Detto questo per precisione di cronaca, non rimane che analizzare l’evento, non tanto nella specificitá degli accadimenti quanto nelle cause prodromiche allo stesso, per poter procedere poi a ipotesi di arginatura del fenomeno criminale rom e non solo. La situazione di degrado sociale e di miseria fisica e morale che configura la maggior parte di questa variegata comunità, il limitatissimo o pressoché nullo acculturamento, l’avversione all’accettazione di un lavoro onesto in condivisione con la societá civile perché piú o meno percepito come lesivo della libertá ed individualità dei singoli,, non puó che produrre quell’emarginazione e quell’isolamento che essi imputano, falsando i dati, alla societá legalitaria. Ne consegue che quella comunità è costretta a contorcersi su se stessa, a chiudersi in un presente ed in un “ modus vivendi “ senza un futuro di riscatto, ne consegue che la criminalità è l’unico sbocco per il sostentamento e la sussistenza dei singoli e dei loro congiunti, correi in una conclamata omertà quando non addirittura in condivisione e in apologia di reato. Pensare che questa comunità analizzi, critichi e condanni i comportamenti criminosi che ne costellano il vissuto é cosa che solo l’utopia buonista di un giornalismo masochista ed autolesionista ( ovviamente di sinistra ) puó argomentare con la surreale affermazione della esimia giornalista Deborah Dirani che mai userebbe un’ arma (che per altro aborrisce) per difendersi da chi le sparasse addosso. Aggiunge costei che solo si affiderebbe all’intervento delle forze dell’ordine, evidentemente ritenendo che la semplice evocazione telepatica ne materializzi la presenza. A tanto arriva la faziosità dell’ideologia di sinistra.

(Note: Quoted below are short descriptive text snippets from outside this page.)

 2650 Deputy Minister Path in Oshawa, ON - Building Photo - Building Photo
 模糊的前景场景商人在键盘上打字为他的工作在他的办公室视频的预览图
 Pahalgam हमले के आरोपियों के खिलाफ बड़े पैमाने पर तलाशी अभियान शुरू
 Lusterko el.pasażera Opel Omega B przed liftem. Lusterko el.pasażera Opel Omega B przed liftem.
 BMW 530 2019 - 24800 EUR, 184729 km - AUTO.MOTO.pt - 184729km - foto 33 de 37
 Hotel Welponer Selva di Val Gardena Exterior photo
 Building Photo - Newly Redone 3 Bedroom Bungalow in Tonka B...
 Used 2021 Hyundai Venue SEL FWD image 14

Purtroppo l’acuirsi della criminalità in un crescendo di violenza e ferocia è il parto di una situazione economica estremamente difficile ( direi tragica visti i morti suicidi per dissesto economico ) che tuttavia non puó essere assunta ad attenuante concausa ma va stroncata con estrema durezza. Il ripudio del lavoro onesto se pur umile e la scelta del crimine reiterato avvolti e coperti dal grembo nefando di una comunitá omertosa sono insignificante accento per i demagoghi di una sinistra politica deviata e deviante, e pur anche per il clericalismo borghese che si inebria all’ostentato buonismo del gesuita Bergoglio. Gli autori di una rapina a mano armata non possono a mio avviso cavarsela con qualche anno di carcere ma, se catturati, scontare la pena con il lavoro forzato affinché comprendano il valore del lavoro nel quotidiano impegno per il raggiungimento della dignitá perduta. Qualora poi la rapina degeneri in omicidio, il 41 bis, che in realtà è detenzione in villeggiatura, assuma in toto i caratteri di Guantanamo nel quale unico diversivo di svago sia il quotidiano lavoro forzato per tutto il periodo della pena, irriducibile e certa.

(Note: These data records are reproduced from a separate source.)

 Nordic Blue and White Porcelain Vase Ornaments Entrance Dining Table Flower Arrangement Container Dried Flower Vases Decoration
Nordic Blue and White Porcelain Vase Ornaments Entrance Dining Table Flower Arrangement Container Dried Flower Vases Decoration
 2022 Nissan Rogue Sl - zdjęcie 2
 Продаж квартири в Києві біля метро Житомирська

Nel caso specifico in oggetto sorprende, ma neanche troppo visto il contesto morale della comunità rom, che i parenti del bandito Albano Cassol chiedano per via legale un risarcimento per danni al Sig: Graziano Stacchio, ma sorprende ancor piú che ci sia un avvocato che accetti di perorarne la causa: evidentemente l’elasticitá della coscienza di ognuno non pone limiti etici e morali all’egocentrica animalità dell’uomo. Ci sará sempre un avvocato, magari vicino ai “centri sociali” entusiasta difensore dell’abbrutimento del vissuto di taluni. 

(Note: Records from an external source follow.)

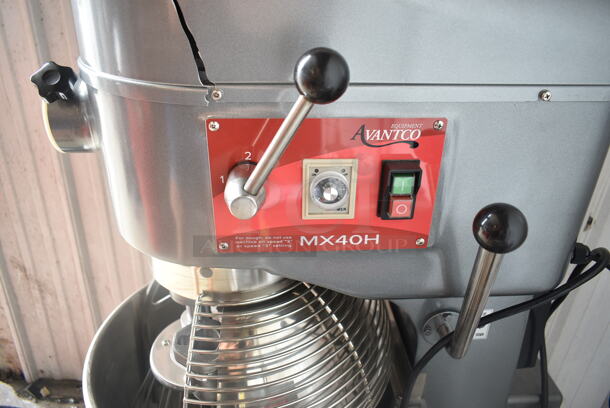 BRAND NEW SCRATCH AND DENT! Avantco 177MX40H Metal Commercial Floor Style 40 Qt. Planetary Floor Mixer w/ Stainless Steel Mixing Bowl, Bowl Guard, Paddle, Dough Hook and Whisk Attachments. 240 Volts, 1 Phase. - Image 7 of 9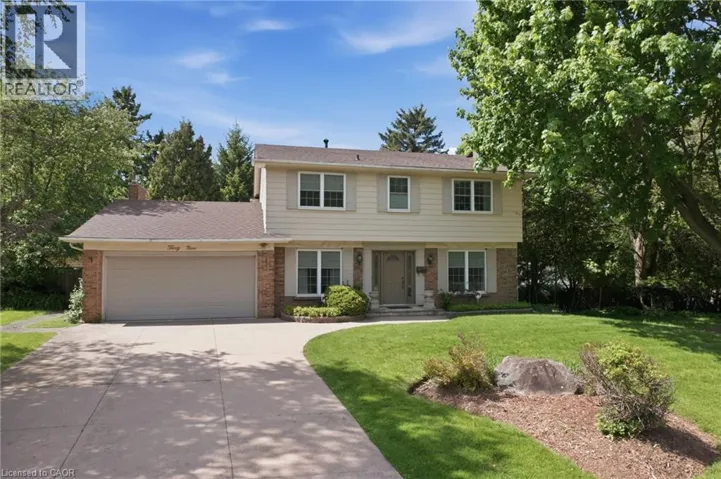 39 MAUREEN Avenue, Ancaster, Ontario L9G3L7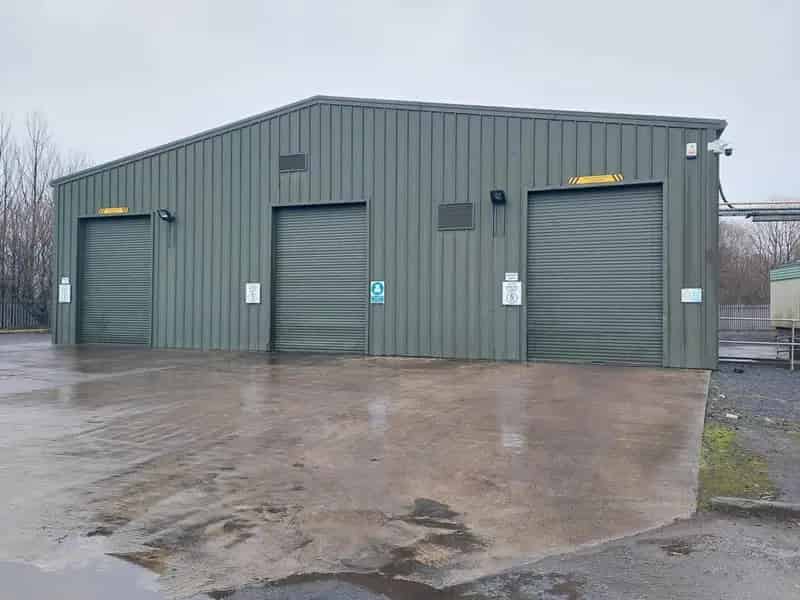 Modern Industrial Unit with Secure Yard Space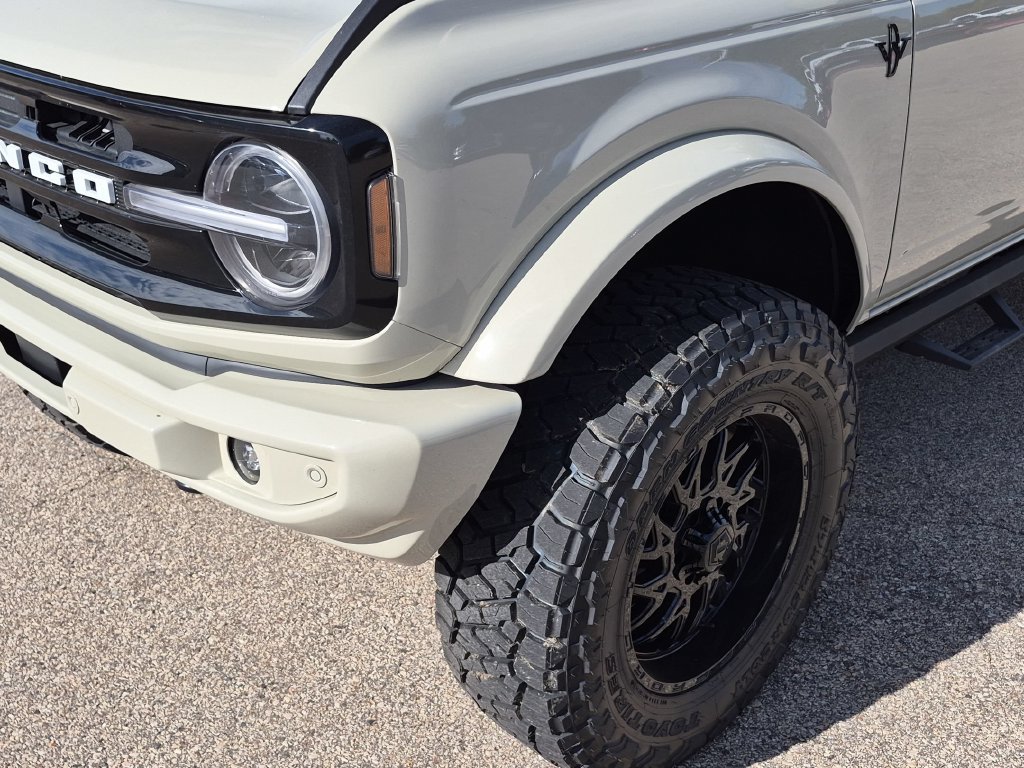 New 2026 Ford Bronco Outer Banks AWD/4WD image 9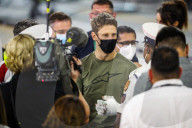 SPORT - Verunfallter Formel-1-Pilot Romain Grosjean mit eingebundenen Händen in Bahrain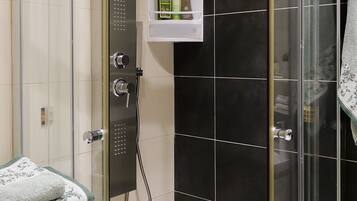 Sèche-cheveux, serviettes fournies, savon, shampoing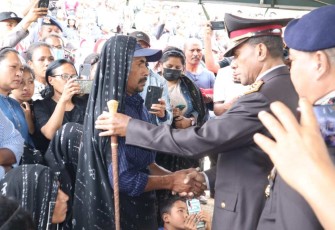 Kapolda NTT Irjen Pol Johni Asadoma bersama keluarga almarhum Bharatu Anumerta Bonifasius Jawa, Sabtu (25/11)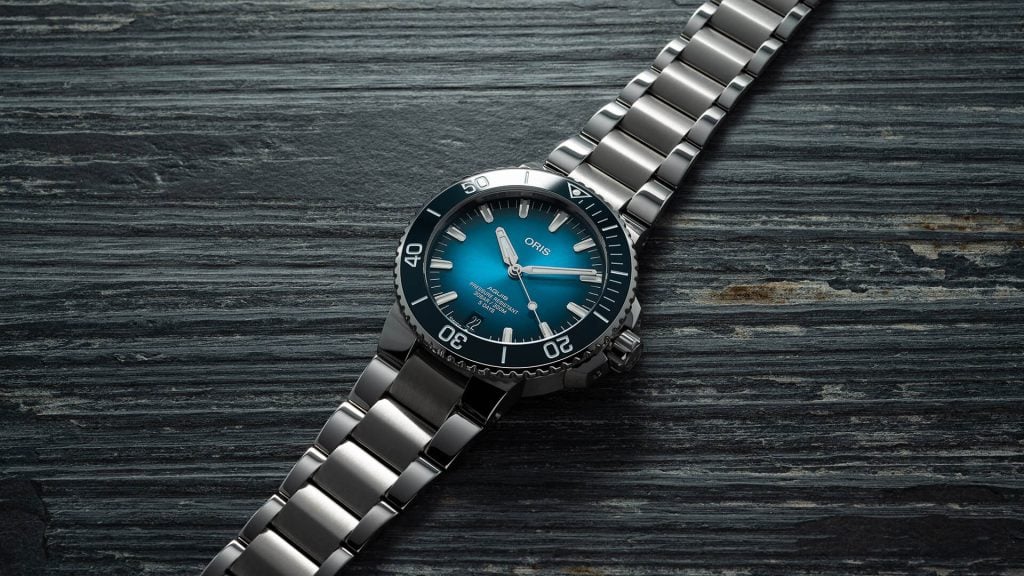 New Aquis Date Calibre 400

In definitiva è impossibile non apprezzare ed ammirare l’alto senso civico che ha spinto Graziano Stacchio ad intervenire, a rischio della sua stessa vita, per sventare una rapina a mano armata e nel contempo è impossibile non riconoscergli l’alta umanitá nel rispetto della vita altrui che lo ha indotto a colpire chi gli stava sparando addosso, non in parti vitali, ma in una gamba giusto per tentare di fermare l’aggressione omicida. Ne terrá conto la claudicante giustizia italiana?